The clinical department participant was also excited about the initiative as they had experienced an improvement in their practice. They recorded that millions of clicks had been eliminated or reduced from their practice due to the deployment of new tools for sepsis screening (Health Catalyst, 2018). They also noticed an increase in sepsis screening by 36 percent in the ED within six months of deployment. There was the utilization of the sepsis order set in the ED by more than 185 percent. In other departments, some noticeable changes were an increase in placement in cardiac stents by 10 percent that occurred using the radical approach.
Recommendation of Additional Indicators and Protocols
I would recommend the application of Key Process Analysis (KPA) in Unitypoint Heath. The application would help deliver various insights into the size of health care processes provided, the variations that exist in the processes, and the impact that would result from their improvement (McSweeney et al., 2020). The healthcare facility would also identify significant opportunities for improvement throughout the year. However, the opportunities should be in line with the organization’s strategy (Becker’s Hospital Review, 2016). Also, the priorities should be identified by the leaders of the clinical and operational departments.
References
Becker’s Hospital Review (2016). What clinical variation means to a hospital’s bottom line: 4 insights from the C-suite. Web.

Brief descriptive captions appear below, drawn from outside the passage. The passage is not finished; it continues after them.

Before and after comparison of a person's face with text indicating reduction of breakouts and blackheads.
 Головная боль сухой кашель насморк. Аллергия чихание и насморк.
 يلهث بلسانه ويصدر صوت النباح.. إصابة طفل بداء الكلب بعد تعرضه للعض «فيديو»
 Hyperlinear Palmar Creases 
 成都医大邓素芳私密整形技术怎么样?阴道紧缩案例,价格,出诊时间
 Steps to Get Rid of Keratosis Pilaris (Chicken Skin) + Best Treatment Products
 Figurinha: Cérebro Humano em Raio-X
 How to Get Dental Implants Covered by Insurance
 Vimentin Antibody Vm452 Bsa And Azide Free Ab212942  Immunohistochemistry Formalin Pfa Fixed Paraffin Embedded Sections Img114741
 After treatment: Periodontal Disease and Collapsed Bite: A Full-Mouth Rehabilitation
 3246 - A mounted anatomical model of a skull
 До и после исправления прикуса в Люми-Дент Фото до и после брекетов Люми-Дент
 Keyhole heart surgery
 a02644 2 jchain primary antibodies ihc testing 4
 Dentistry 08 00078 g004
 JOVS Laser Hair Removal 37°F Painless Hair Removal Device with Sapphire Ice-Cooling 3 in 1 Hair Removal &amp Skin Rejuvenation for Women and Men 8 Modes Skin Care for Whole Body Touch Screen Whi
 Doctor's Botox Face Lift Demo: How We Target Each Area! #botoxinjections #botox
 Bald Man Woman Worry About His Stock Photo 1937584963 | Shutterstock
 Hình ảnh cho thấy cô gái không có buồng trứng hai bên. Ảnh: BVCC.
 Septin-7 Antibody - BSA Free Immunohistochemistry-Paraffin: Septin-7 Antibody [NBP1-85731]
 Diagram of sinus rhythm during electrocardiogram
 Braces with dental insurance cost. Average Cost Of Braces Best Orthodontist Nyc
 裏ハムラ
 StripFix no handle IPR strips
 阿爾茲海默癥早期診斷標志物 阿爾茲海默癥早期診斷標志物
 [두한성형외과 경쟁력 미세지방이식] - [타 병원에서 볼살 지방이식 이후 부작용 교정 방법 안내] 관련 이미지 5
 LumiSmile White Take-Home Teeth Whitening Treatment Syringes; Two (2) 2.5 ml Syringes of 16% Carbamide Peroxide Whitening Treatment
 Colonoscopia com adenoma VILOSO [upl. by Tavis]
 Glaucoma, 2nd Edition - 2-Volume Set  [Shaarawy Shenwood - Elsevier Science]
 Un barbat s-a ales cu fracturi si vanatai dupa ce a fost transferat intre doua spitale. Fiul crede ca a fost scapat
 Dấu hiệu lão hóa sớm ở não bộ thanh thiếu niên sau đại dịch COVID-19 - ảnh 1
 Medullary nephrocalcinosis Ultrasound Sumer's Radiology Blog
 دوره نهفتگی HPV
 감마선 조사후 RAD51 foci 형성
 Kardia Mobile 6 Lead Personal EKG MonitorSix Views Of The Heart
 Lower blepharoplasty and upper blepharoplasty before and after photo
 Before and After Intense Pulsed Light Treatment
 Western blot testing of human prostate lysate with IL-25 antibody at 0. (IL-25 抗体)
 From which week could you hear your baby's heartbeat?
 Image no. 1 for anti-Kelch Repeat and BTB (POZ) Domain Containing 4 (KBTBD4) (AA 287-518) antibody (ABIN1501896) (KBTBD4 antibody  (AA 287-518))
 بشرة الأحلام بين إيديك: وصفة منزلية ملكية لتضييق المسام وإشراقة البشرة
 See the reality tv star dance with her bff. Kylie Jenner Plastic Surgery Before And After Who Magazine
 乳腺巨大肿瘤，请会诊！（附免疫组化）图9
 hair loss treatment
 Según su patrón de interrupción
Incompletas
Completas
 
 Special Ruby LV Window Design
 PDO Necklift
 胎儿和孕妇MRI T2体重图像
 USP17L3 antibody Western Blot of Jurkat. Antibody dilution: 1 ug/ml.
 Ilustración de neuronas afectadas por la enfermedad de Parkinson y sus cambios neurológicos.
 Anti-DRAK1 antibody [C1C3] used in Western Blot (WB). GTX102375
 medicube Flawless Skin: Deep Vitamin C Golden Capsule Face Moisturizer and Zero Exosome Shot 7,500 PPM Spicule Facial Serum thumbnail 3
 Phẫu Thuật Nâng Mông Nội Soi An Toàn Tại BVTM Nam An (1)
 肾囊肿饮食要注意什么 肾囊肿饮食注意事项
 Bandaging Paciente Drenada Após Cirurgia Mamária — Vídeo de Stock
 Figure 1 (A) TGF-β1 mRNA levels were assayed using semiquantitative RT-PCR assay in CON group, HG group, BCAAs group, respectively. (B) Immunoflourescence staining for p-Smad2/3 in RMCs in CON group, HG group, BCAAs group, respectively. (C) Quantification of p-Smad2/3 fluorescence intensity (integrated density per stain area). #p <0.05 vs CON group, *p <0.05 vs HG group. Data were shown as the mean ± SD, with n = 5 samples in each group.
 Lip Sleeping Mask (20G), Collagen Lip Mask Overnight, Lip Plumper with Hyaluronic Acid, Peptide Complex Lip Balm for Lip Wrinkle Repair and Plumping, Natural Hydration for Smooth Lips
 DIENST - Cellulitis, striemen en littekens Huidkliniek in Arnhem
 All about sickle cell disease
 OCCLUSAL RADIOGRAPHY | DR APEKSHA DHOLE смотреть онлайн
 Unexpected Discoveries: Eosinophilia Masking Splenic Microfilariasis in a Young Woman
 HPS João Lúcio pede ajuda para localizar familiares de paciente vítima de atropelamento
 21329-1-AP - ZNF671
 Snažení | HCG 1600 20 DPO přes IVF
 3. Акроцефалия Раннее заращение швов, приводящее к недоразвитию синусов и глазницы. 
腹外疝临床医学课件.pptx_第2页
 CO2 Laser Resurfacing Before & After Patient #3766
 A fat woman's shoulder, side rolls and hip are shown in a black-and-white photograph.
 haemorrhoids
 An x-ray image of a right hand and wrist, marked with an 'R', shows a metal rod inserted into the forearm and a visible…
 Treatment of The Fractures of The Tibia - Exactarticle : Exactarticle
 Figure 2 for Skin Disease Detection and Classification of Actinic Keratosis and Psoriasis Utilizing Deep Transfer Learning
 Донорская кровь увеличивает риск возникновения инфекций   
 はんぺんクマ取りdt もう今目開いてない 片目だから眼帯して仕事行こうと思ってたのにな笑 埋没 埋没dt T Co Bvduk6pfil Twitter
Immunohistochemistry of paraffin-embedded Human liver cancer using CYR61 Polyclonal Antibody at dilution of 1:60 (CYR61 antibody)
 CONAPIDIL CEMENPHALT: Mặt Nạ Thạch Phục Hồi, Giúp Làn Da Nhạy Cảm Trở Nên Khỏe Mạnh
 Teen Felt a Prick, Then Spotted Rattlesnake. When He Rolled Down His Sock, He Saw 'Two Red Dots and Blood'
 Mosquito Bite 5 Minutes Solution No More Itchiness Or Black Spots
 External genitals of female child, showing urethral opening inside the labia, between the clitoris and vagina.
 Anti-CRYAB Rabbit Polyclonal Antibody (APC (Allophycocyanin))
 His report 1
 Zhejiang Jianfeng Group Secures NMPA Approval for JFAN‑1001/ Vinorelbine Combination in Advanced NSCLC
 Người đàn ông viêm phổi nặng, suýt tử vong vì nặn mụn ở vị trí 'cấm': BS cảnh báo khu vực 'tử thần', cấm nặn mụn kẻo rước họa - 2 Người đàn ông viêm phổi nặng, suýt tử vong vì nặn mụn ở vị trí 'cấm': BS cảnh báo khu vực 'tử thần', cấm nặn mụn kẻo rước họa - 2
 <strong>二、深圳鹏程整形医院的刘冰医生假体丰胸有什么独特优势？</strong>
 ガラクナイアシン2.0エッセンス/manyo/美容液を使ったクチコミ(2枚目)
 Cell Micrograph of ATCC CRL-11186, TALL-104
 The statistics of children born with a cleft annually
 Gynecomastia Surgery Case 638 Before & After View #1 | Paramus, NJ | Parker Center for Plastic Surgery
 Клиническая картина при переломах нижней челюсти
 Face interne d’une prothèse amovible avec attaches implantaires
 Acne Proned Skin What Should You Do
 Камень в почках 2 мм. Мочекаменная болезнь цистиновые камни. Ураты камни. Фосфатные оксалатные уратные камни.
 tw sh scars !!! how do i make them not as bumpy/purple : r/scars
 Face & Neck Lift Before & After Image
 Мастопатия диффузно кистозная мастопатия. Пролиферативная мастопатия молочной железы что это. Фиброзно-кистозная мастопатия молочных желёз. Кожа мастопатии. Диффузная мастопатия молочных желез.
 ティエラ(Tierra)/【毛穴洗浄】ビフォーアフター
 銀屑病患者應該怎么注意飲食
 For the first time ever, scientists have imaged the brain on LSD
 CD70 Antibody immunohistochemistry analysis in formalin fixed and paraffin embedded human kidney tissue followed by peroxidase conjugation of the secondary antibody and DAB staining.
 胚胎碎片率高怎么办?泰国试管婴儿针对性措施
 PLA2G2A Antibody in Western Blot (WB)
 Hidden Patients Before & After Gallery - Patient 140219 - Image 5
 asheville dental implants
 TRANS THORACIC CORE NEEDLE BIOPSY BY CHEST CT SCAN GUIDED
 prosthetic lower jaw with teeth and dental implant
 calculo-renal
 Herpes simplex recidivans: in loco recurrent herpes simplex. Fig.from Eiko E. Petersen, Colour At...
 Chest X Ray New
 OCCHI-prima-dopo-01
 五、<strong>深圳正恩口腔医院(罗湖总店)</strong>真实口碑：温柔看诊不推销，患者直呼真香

Health Catalyst, 2018. Boosting Readiness and Change Competencies Key to Successfully Reducing Clinical Variation. Leadership, Culture & Governance and Quality & Process Improvements. Web.
McSweeney, M. E., Meleedy-Rey, P., Kerr, J., Yuen, J. C., Fournier, G., Norris, K.,… & Rosen, R. (2020). A quality improvement initiative to reduce gastrostomy tube placement in aspirating patients. Pediatrics, 145(2). Web.
Vachon, B., Désorcy, B., Gaboury, I., Camirand, M., Rodrigue, J., Quesnel, L., & Grimshaw, J. (2015). Combining administrative data feedback, reflection and action planning to engage primary care professionals in quality improvement: a qualitative assessment of short-term program outcomes. BMC health services research, 15(1), 1-8.
Wachman, E. M., Grossman, M., Schiff, D. M., Philipp, B. L., Minear, S., Hutton, E., & Whalen, B. L. (2018). Quality improvement initiative to improve inpatient outcomes for neonatal abstinence syndrome. Journal of Perinatology, 38(8), 1114-1122.